*** Begin section ***

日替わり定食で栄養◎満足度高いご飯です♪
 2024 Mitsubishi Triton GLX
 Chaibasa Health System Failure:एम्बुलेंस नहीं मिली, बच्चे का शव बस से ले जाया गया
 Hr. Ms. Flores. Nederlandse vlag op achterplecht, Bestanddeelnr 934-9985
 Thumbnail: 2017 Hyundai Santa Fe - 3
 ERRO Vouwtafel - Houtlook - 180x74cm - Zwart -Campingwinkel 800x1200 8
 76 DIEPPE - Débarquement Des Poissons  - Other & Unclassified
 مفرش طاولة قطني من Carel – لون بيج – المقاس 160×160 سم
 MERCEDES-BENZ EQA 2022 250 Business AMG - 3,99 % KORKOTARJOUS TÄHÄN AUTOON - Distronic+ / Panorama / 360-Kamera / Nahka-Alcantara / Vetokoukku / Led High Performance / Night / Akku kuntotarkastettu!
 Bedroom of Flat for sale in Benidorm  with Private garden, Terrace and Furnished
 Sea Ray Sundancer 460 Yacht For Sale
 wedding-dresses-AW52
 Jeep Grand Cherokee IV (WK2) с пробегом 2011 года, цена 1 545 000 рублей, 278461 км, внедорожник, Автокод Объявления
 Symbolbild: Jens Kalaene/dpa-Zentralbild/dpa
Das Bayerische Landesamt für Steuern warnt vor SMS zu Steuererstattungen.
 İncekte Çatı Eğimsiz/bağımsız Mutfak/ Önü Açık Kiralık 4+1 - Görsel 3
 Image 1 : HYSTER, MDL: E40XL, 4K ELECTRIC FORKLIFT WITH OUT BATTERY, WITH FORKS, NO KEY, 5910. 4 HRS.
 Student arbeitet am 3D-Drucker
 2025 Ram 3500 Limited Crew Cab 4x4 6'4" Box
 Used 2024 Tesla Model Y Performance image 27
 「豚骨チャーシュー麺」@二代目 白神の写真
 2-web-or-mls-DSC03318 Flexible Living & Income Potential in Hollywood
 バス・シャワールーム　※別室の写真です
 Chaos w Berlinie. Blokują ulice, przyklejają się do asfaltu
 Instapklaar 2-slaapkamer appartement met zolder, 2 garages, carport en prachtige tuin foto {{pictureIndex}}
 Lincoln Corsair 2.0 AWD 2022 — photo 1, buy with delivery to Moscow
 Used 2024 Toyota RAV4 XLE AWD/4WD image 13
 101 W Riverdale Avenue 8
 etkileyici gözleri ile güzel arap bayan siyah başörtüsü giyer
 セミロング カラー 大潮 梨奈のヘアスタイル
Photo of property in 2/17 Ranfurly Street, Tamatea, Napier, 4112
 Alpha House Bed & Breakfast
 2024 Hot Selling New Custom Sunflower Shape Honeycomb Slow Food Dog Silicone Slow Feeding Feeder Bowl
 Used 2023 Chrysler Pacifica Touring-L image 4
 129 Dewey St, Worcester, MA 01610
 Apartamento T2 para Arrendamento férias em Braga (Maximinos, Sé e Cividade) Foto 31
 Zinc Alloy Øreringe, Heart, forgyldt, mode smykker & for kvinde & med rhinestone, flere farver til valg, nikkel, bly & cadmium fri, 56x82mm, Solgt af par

*** End section ***

▸ **Work instructions**: Return all lines of the material above in which "Used" occurs.

▸ **Response to this task**:
 Used 2024 Tesla Model Y Performance image 27
 Used 2024 Toyota RAV4 XLE AWD/4WD image 13
 Used 2023 Chrysler Pacifica Touring-L image 4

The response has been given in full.